YOUR OBJECTIVE: Every line of the listing below from the one with "Thanks Science Pro" up to and including the one with "Bringing Up Race: How" should be retyped exactly, and nothing else; pictures are not part of the copy.
Top of RECORDS SUPPLIED
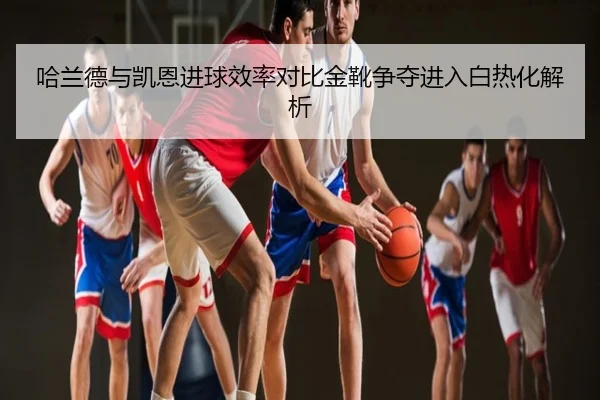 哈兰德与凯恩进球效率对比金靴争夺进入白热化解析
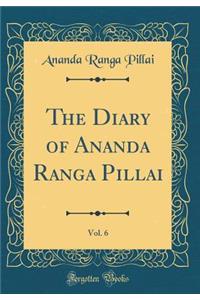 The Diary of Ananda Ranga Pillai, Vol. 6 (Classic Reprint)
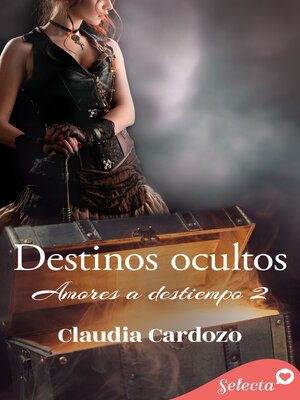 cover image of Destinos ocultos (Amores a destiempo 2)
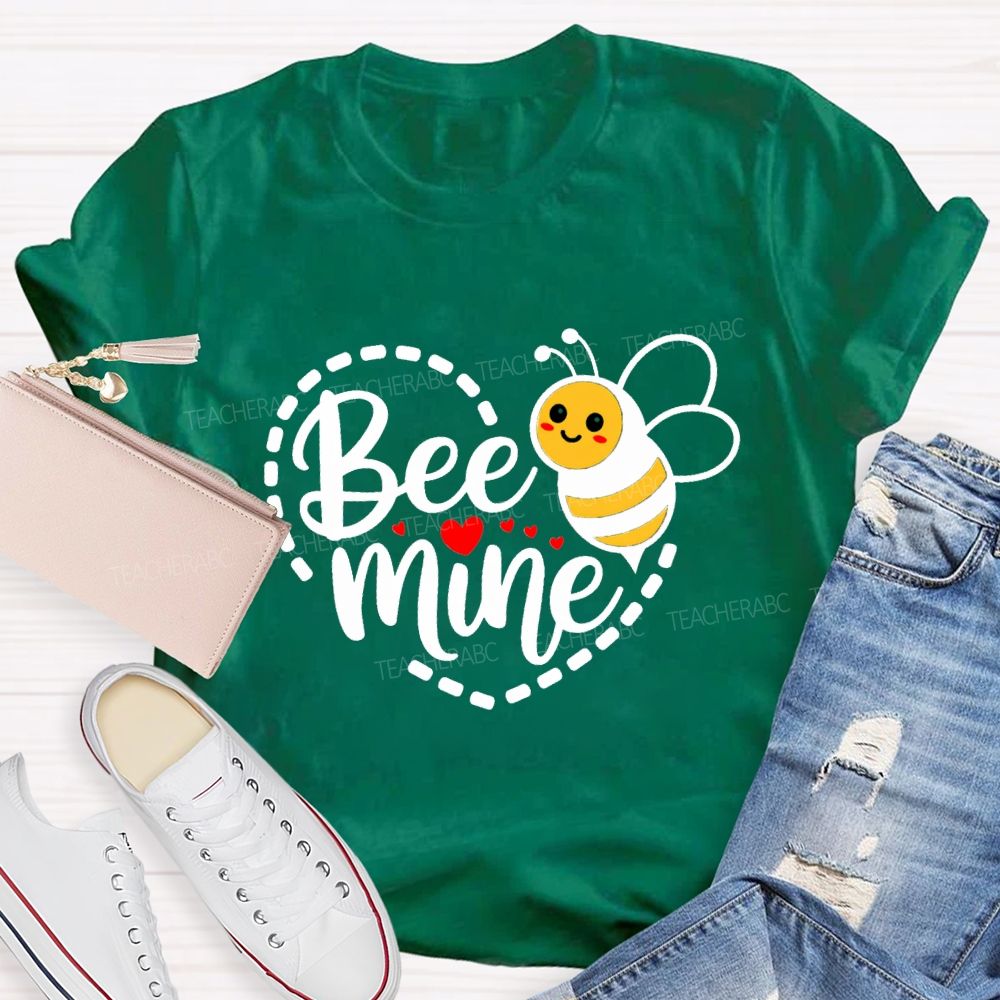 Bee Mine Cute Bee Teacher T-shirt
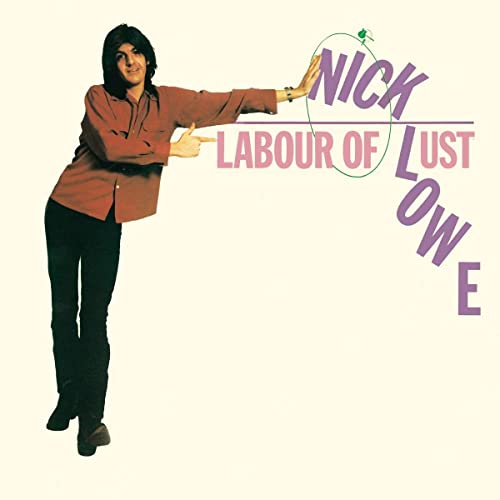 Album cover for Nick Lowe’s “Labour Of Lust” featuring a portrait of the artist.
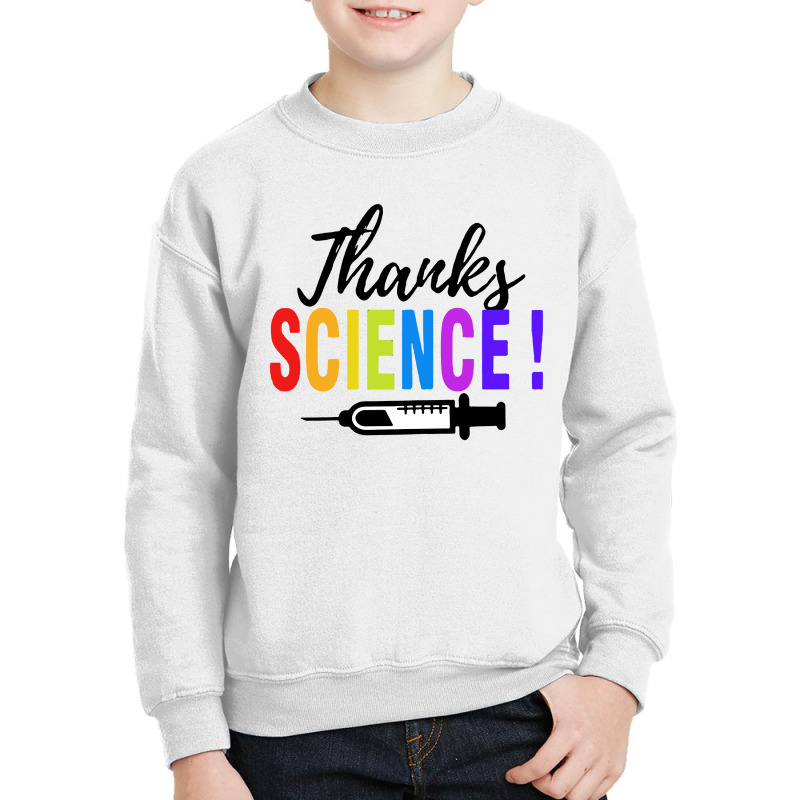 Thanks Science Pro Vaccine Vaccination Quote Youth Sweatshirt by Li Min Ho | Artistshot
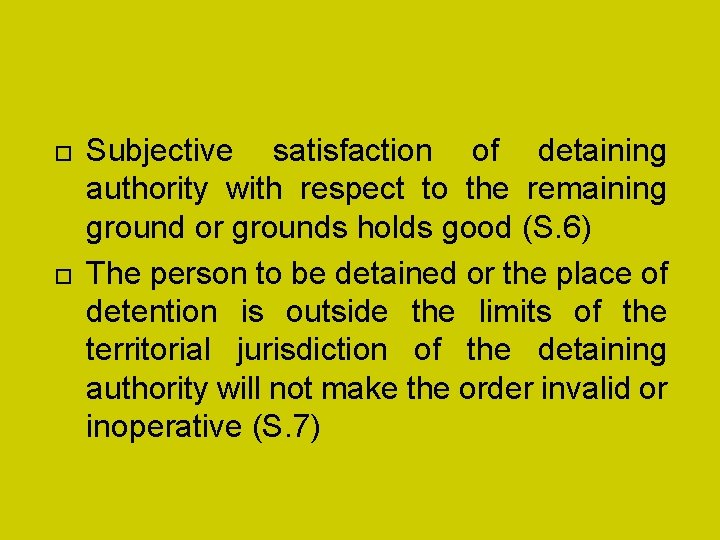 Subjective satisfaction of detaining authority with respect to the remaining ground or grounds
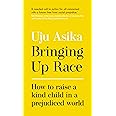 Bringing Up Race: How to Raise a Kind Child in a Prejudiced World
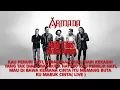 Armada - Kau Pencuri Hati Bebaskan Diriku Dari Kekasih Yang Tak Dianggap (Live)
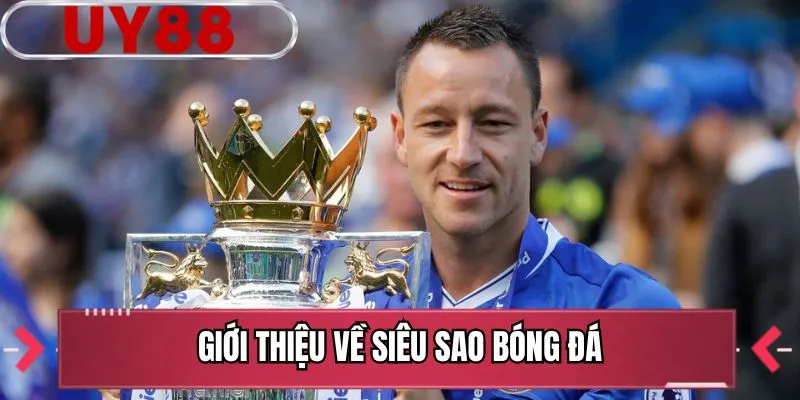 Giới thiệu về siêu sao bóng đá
Bottom of RECORDS SUPPLIED
SOLUTION TO THE PROBLEM:
 Thanks Science Pro Vaccine Vaccination Quote Youth Sweatshirt by Li Min Ho | Artistshot
 Subjective satisfaction of detaining authority with respect to the remaining ground or grounds
 Bringing Up Race: How to Raise a Kind Child in a Prejudiced World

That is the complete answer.